I adore your poems. There’s a loneliness so exquisitely drawn in this chap. The couples in many of the poems add to the pace, the space, the way those of us who are outsiders—like the circus freak—feel. Why this chapbook right now in your life?
Thank for your kind words. It pleases me to no end that you like the poems. This pleasure fits my answer here, because human connection is a fundamental purpose of art. We seek to understand ourselves and each other by reading, by viewing, by listening, by creating. I write because I want to discover something about myself and the world around me; I write because I hope someone will read my words and recognize something about themselves. This chapbook is about masks, makeup, costumes, performance. The circus. The show we are all putting on for each other every day. We are all lonely.
I’m being melodramatic. I am not actually a lonely person. I have a happy marriage and two active, eager, wonderful kids. I have dear friends and supportive, inspiring colleagues. My life is great, which I say in all sincerity. Maybe, then, that’s why this chapbook right now – because my life is in a good place, I feel safe to explore what the comedian Louis CK calls the “forever empty” we all have inside us but don’t like to acknowledge.

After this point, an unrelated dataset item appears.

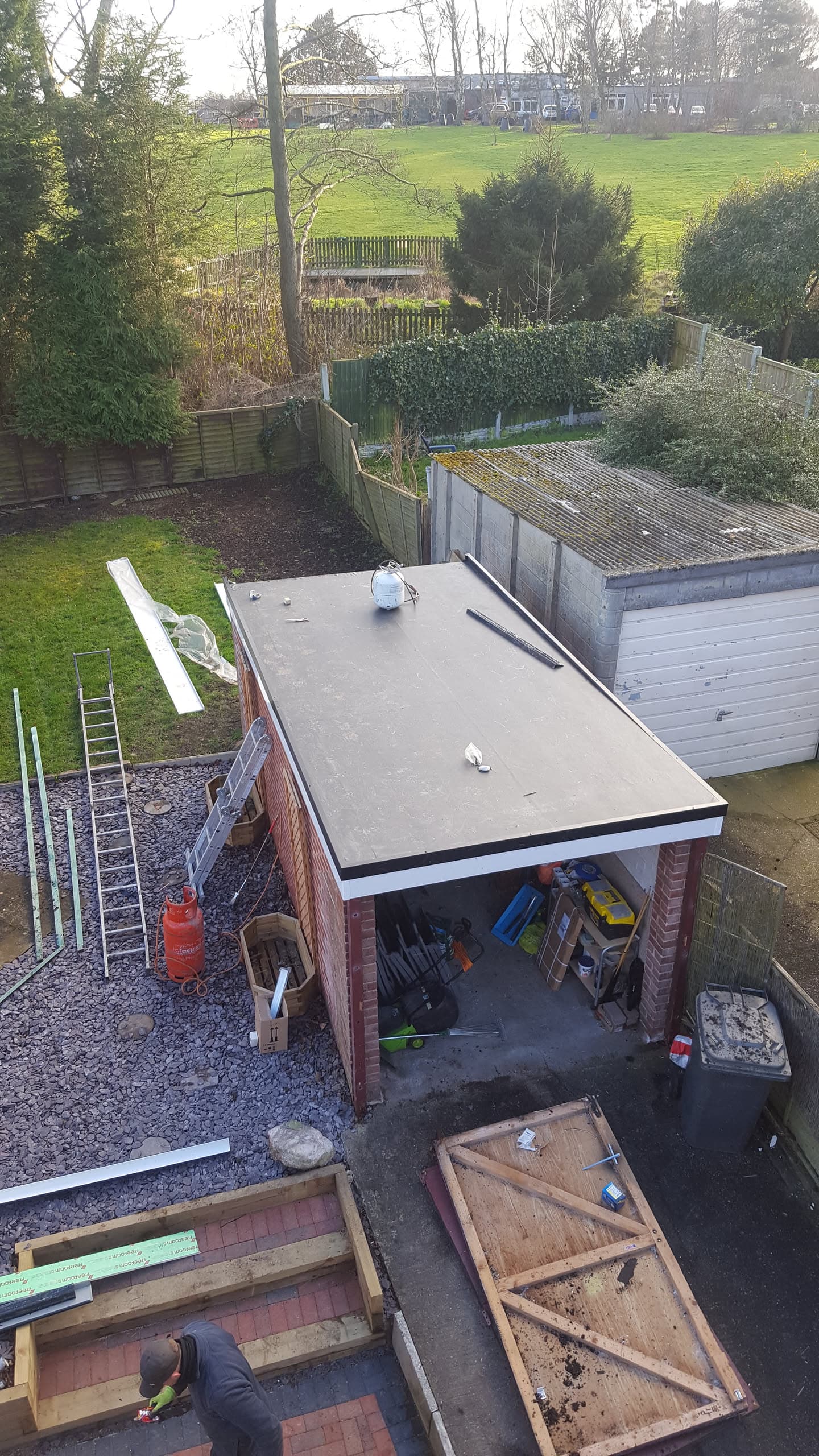 Flat roof installation on brick garage with fitter working on adjacent structure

What is inspiring you these days? I am reading so much good poetry these days it kills me. Kills, inspires, whatever. I am freshly in love with Elisa Gabbert’s The Self Unstable and Lucy Brock-Broido’s Stay, Illusion. I am in an online writing group, and the poets in the group flabbergast/inspire me every month with their prompts and poems. This semester, I am teaching collections by Bob Hicok and Traci Brimhall, a prospect both daunting and inspiring.
How are you trying to get better as a poet? Read every day. Write more days than not. Listen to the world around me.

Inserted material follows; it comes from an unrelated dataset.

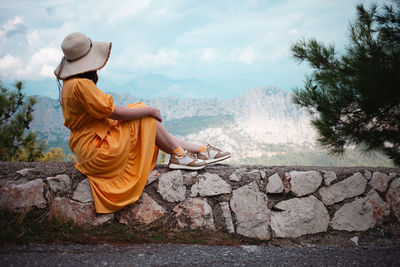 Rear view of woman sitting on rock against sky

Your chapbook credo: Now I wish I had one of these. I’ll work on that.
Number of chapbooks you own: Around 20.
Number of chapbooks you’ve read: 40? Just a guess.
Ways you promote and serve other chapbook poets: I buy and read their books. Sometimes I review them on Goodreads or write about them on my website. I recently provided a blurb for an excellent chapbook called His Late Wives. I could always do more.
Where you spend your chapbook earnings: I have spent so much on book-contest entry fees that my poetry balance sheet will never be in the black. I am fortunate to have a job that means I can afford to write poetry without worrying about earnings.
Your chapbook wish: That lots of people read my chapbook when it comes out. If some of them like it, that would be nice, but mostly I just want them to read it.
Residence: East Grand Rapids, Michigan.
Job: I teach writing to college students at Grand Valley State University.
Chapbook education: I am self-educated when it comes to chapbooks, I’d say. There was a time not that long ago when I didn’t know what a chapbook was, beyond “a book shorter than a regular book.” A conversation with my friend Brian Clements, author of four chapbooks including not meant for you Dear Love (Mudlark, 2012) < http://mudlark.webdelsol.com/mudlark49/contents_clements.html>, led me to think of a chapbook as necessarily more unified than a full-length book of poems, cohering around a central idea or question, and by virtue of its brevity, expressing or exploring that idea quickly. Ooh, this is starting to sound like it could turn into a credo.
The non-chapbook portion of my education includes an undergraduate degree from Birmingham-Southern College and an MFA from Western Michigan.
Chapbook Bio: My chapbook The Insomniac Circus is from Hyacinth Girl. I am presently working with my friend W. Todd Kaneko on a chapbook inspired by Slash, the guitarist. The rest of my bio is pretty non-chapbooky: born in Michigan, grew up in Alabama, ended up back in Michigan as an adult; wrote some things, planning to write more things.